● **PROMPT**:
Return only the stretch of the material below that begins with the line containing "Be the Cat Secrets of the Natural Cat Owner" and ends with the line containing "But First 1", exactly; both of those lines belong to it.
Start of EXCERPTED RECORDS
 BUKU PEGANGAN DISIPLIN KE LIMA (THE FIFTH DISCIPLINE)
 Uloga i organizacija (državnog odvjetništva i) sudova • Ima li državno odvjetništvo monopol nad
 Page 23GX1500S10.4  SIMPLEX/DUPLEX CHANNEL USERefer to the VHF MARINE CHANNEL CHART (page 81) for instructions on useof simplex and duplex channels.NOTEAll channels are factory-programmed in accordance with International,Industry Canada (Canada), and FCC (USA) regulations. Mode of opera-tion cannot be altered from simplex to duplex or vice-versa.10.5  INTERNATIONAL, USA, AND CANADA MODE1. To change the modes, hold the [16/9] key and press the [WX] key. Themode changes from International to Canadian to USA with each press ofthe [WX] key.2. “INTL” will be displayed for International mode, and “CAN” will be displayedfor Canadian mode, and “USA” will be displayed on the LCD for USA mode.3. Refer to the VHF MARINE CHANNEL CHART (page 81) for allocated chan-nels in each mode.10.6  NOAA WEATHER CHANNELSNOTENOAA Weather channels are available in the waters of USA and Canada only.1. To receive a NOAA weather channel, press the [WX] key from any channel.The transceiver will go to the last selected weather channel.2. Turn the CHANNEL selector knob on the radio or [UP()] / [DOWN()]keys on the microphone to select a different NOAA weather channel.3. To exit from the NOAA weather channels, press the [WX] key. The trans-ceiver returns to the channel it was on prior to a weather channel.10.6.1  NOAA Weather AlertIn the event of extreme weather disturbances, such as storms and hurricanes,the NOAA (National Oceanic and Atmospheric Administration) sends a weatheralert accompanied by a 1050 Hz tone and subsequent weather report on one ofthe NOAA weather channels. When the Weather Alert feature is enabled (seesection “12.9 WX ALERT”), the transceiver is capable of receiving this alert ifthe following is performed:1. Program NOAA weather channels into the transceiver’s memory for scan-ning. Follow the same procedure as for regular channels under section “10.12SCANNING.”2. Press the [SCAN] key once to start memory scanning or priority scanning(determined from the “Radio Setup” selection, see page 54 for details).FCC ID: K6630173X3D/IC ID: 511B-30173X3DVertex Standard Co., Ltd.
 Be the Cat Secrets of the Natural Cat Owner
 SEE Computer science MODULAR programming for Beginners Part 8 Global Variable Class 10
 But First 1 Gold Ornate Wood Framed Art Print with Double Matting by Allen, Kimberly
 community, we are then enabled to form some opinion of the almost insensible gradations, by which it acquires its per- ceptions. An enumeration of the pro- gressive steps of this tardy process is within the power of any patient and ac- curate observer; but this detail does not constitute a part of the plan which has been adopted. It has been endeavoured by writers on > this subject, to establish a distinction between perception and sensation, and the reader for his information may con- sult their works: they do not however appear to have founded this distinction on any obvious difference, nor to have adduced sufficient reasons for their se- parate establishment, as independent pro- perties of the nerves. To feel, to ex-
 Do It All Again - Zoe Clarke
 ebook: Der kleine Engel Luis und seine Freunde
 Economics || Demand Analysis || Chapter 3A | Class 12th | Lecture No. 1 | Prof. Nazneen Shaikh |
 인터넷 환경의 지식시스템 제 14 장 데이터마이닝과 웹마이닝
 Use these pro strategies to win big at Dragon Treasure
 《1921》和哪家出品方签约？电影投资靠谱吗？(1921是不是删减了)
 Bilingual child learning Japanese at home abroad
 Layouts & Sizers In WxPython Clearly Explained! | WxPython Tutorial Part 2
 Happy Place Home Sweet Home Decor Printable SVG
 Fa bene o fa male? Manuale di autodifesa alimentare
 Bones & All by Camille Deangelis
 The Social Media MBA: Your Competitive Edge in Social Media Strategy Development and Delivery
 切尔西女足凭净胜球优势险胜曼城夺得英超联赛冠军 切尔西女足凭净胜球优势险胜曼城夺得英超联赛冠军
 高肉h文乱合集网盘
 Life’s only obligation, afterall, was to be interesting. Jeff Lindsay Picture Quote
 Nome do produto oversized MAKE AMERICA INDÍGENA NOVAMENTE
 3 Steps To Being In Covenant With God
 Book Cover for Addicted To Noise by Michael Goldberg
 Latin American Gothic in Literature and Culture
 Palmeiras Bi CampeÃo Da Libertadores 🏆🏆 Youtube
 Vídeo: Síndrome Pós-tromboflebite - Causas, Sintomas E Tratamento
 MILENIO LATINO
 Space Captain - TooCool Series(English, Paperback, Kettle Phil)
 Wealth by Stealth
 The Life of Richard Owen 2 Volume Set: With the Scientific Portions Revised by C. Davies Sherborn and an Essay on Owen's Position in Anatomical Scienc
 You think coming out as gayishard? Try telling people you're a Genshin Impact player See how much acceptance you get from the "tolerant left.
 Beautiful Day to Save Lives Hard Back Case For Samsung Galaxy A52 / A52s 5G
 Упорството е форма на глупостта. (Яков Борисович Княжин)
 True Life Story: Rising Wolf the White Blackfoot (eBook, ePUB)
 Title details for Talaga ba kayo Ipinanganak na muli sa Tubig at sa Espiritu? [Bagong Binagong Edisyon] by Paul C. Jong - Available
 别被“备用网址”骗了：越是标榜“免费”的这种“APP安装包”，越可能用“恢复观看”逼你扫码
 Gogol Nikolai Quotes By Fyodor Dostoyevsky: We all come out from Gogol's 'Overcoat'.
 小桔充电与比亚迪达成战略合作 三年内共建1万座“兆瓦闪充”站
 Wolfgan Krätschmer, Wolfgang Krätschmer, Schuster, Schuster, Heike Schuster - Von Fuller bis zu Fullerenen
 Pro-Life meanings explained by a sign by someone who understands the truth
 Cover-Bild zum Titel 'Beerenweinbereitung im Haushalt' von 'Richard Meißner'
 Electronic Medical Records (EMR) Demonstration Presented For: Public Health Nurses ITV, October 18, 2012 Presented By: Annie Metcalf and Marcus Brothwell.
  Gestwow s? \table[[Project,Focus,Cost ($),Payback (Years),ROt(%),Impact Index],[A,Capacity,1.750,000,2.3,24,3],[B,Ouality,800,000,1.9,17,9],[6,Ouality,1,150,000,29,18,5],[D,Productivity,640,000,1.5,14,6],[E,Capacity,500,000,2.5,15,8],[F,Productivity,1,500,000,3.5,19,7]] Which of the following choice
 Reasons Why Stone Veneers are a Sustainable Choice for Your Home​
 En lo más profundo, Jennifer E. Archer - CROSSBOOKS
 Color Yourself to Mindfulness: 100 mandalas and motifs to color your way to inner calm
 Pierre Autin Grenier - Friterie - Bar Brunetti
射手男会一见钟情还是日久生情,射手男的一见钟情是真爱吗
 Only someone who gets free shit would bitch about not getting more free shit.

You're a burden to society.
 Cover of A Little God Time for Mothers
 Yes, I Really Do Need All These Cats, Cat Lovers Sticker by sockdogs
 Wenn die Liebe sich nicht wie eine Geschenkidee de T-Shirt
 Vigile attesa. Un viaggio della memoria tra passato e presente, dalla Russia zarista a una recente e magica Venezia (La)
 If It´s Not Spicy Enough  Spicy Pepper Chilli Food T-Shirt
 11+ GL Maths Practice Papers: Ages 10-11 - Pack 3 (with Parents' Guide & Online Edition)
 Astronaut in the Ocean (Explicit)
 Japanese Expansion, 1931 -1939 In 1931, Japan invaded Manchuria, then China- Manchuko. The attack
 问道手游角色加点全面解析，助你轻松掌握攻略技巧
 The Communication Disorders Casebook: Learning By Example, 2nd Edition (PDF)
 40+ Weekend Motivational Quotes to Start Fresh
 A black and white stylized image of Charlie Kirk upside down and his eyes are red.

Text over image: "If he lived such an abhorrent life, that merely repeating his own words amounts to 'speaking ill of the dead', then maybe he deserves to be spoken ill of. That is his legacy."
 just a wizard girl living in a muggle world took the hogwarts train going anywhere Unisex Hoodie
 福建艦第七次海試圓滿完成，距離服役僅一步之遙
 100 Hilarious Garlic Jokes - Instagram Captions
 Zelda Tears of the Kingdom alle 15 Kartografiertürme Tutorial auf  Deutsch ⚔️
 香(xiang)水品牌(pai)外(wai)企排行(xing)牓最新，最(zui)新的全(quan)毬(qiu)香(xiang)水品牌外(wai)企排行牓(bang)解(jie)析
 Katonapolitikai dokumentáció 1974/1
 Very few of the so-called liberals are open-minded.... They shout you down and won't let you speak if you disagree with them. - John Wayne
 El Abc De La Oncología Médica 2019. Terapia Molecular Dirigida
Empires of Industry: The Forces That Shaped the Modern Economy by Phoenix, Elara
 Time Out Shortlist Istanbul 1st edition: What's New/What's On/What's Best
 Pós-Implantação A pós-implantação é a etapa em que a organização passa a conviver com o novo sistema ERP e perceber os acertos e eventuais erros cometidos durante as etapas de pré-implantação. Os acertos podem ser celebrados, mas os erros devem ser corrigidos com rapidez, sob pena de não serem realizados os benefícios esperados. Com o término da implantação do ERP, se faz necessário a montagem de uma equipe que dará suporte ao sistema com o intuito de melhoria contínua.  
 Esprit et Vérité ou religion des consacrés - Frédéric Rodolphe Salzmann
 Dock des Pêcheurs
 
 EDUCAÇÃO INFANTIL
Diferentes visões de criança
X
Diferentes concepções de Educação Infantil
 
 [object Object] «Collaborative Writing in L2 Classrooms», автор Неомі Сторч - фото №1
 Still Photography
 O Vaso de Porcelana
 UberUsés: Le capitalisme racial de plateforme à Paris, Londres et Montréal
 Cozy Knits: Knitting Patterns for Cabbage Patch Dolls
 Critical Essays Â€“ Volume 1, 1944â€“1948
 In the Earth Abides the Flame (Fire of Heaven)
End of EXCERPTED RECORDS
● **SOLUTION**:
 Be the Cat Secrets of the Natural Cat Owner
 SEE Computer science MODULAR programming for Beginners Part 8 Global Variable Class 10
 But First 1 Gold Ornate Wood Framed Art Print with Double Matting by Allen, Kimberly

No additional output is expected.